Bayerns Sieg über Barcelona sagt etwas über den Stand des Fußballs. Großer Sport ist nicht mehr der Kampf gleichwertiger Gegner.

Rausgedrängt: Der FC Barcelona verlässt geschlagen den Platz Foto: ap/Fernandez

A uf was deutet es hin, wenn eine sehr gute Mannschaft eine andere sehr gute Mannschaft plötzlich 8:2 oder, wie vor sechs Jahren, 7:1 demontiert und demütigt?

Die Vermutung, das 2014er WM-Halbfinale der DFB-Elf gegen Brasilien sei ein einmaliges Fußballwunder gewesen, ist seit Freitagabend perdu. Diesmal war der Täter nicht die deutsche Nationalelf, sondern der deutsche Rekordmeister, und das Opfer war nicht das weltweit wegen seines technisch hochstehenden Fußballs verehrte Brasilien, sondern das ähnlich geachtete Weltklasseensemble des FC Barcelona.

Große Fußballspiele, das war noch vor wenigen Jahren breiter Konsens, sind Auseinandersetzungen auf hohem Niveau.

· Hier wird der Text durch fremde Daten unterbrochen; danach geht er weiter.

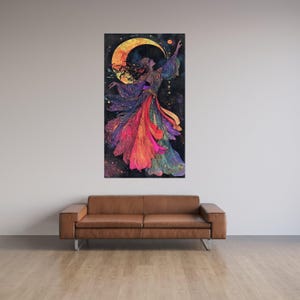 Mystical Lunar Dance Canvas, Bohemian Woman Art, Colorful Flowing Dress, Moonlight Wall Art, Fantasy Home Decor, Vibrant Spiritual Painting StretchedWood Canvas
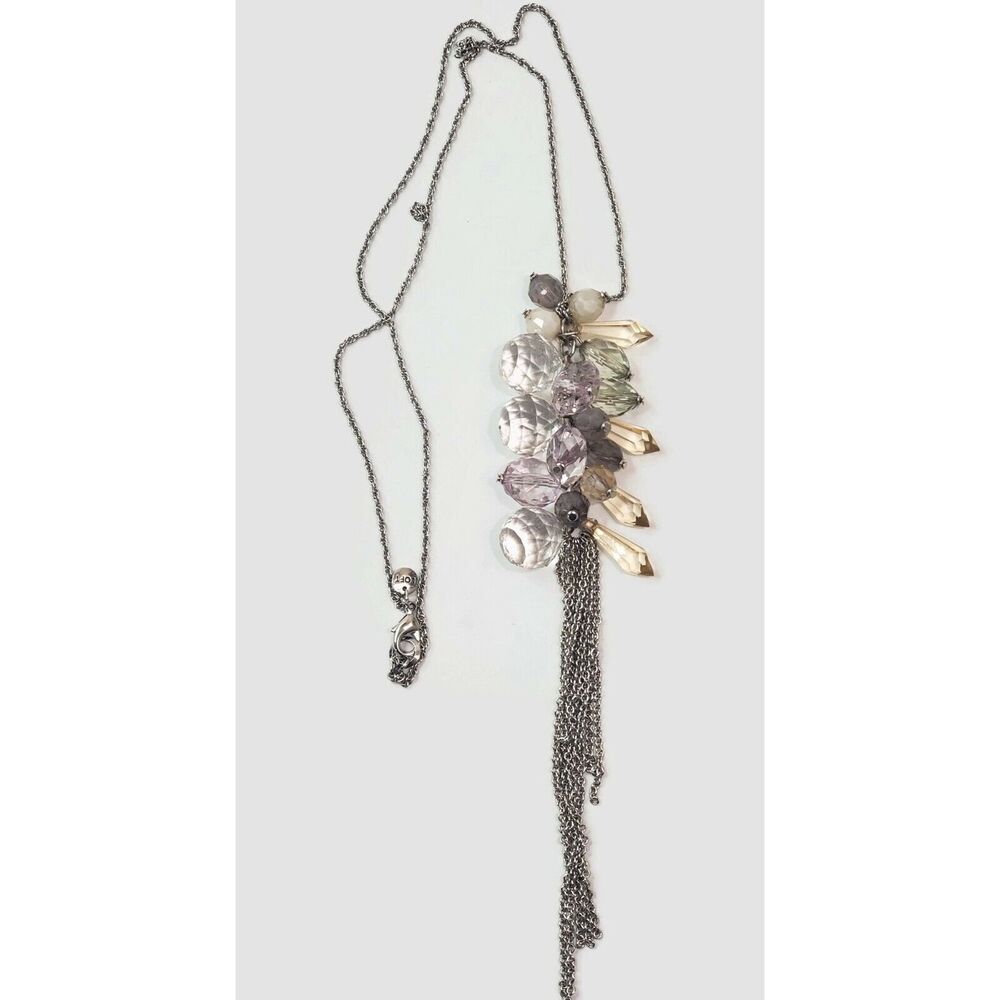 Loft Silver Tone Cluster Bead Style Necklace 28"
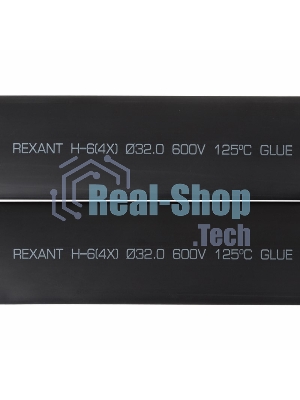 Термоусаживаемая трубка клеевая Rexant 32,0/8,0 мм, (4:1) черная, упаковка 5 шт. по 1 м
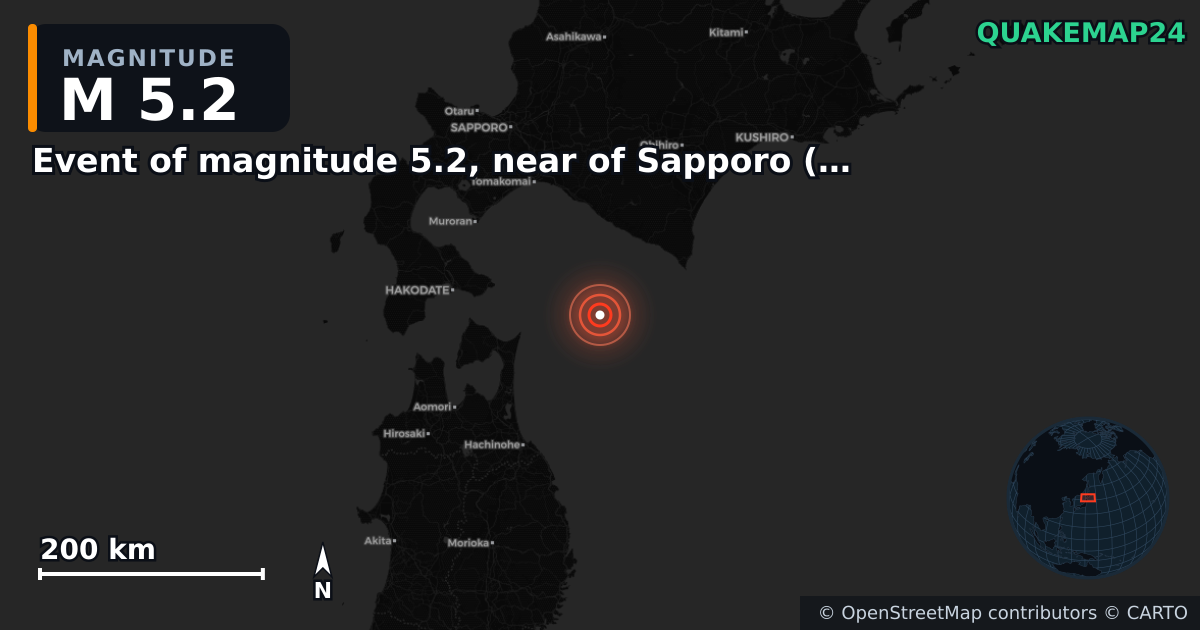 M5.2 earthquake near Event of magnitude 5.2, near of Sapporo (Monde) on Mar 15, 2026 — map of epicenter and shaking intensity | QuakeMap24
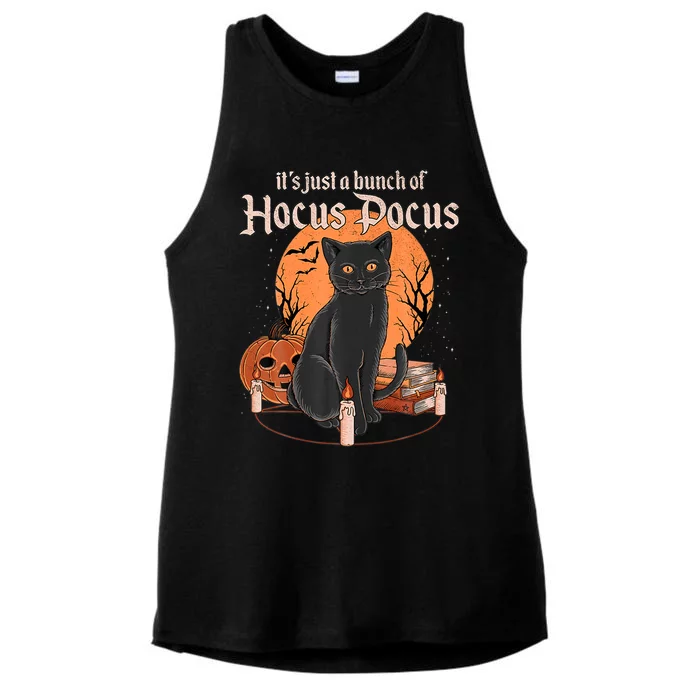 It's Just A Bunch Of Hocus Pocus Black Cat Halloween Ladies Tri-Blend Wicking Tank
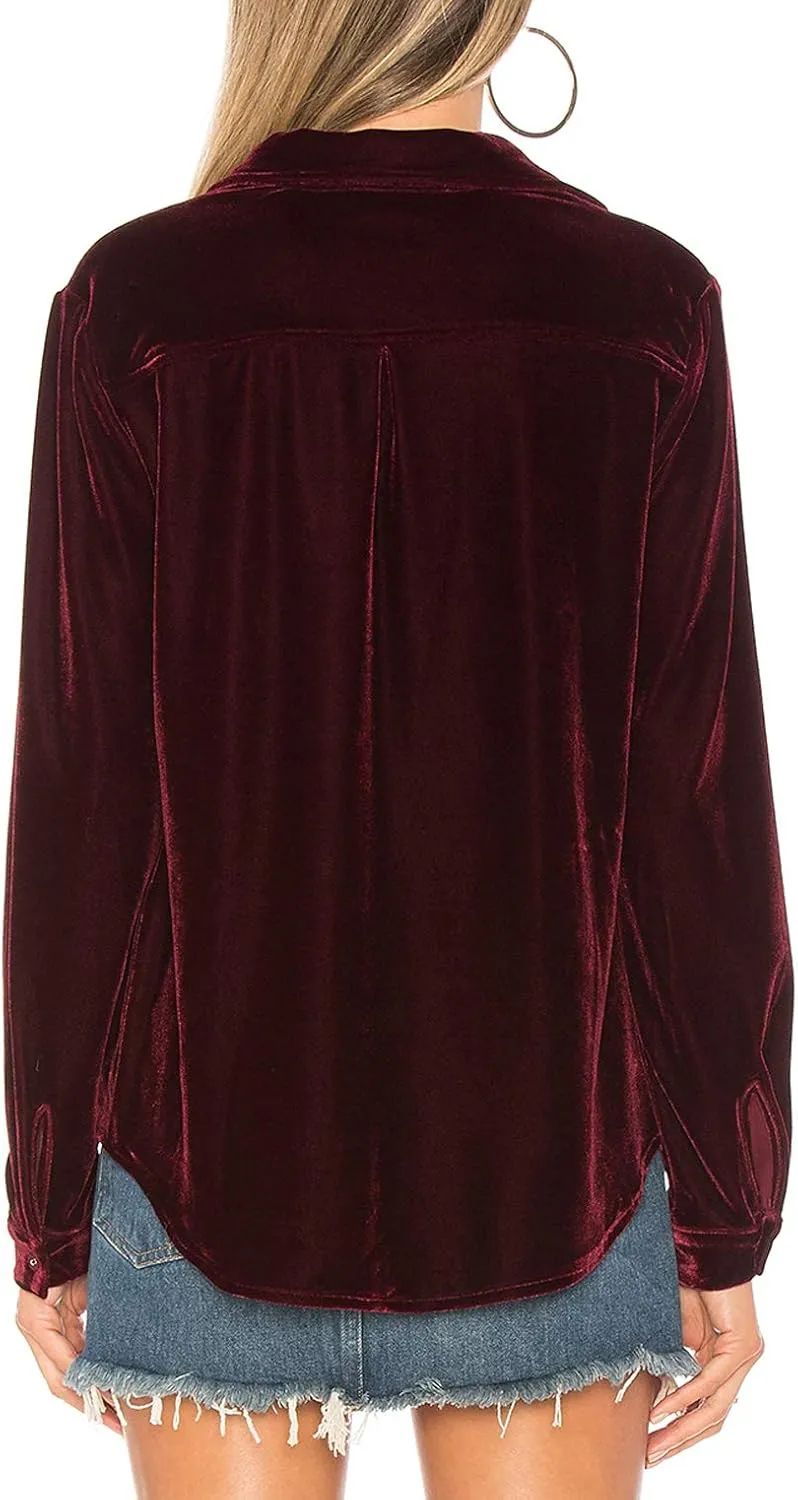 R.Vivimos Womens Winter Velvet Long Sleeve Button Down Casual Tops Shirts
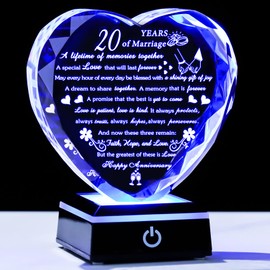 20th Wedding Anniversary Crystal Gifts for Couples Parents, Romantic Heart 20th Anniversary Keepsake Gifts for Her Him, 20 Years of Anniversary Marriage Gifts for Wife Husband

Kantersiege kommen bloß im Jugendfußball vor, ansonsten kannte man sie aus der Frühphase dieses Sports, als 1912 Deutschland Russland mit 16:0 abfertigte.

Das 3:4 von Deutschland – Italien bei der WM 1970 gilt jedoch gerade wegen der Stärke beider Teams vielen als Jahrhundertspiel. Und denjenigen, die sich großen Fußball auch ohne deutsche Beteiligung vorstellen können, fällt vielleicht noch ein Spiel wie Argentinien – England bei der WM 1986 (2:1) ein.

Egal, welche Partien noch denkbar sind, allen gemein ist: Es waren Spiele mit knappem Ausgang. Diese Gleichwertigkeit begründet ja auch den besonderen Reiz von Elfmeterschießen.

Das Wort vom „Kannibalisieren“ ist zu hören

So, wie man Fußball zu Zeiten eines halbwegs funktionierenden liberal organisierten Marktes interpretiert hat, gehören das 8:2 vom Freitag oder das 7:1 von 2014 genauso wenig in die Reihe großer Spiele wie etwa das 12:0 von Mönchengladbach über Dortmund zum Ende der Saison 1977/78. Das war alles zu einseitig, kein großer Kampf.

Wenn sich dieser Blick auf den Fußball aber ändert – und die ersten begeisterten Kommentare aufs 8:2 deuten das ja an –, dann ist das ein untrügliches Zeichen, dass der Fußball bald in ein neues Zeitalter eintritt.

Übergang vom Konkurrenz- zum Monopolkapitalismus, das ist eine Erklärung, die sich aufdrängt.

Das gilt übrigens nicht nur für den Fußball. Beim Boxen etwa waren die großen Kämpfe der Vergangenheit die von ähnlich guten Gegnern: Der „Thrilla in Manila“, den sich Muhammad Ali und Joe Frazier 1975 geliefert hatten, war der Kampf zweier gleichwertiger Weltklasseboxer. Irgendwann, etwa zur Zeit der Weltmeisterschaft Mike Tysons, wurden Kriterien wie „schnellster K. o.“ zum Qualitätsmerkmal eines großen Boxkampfes erklärt.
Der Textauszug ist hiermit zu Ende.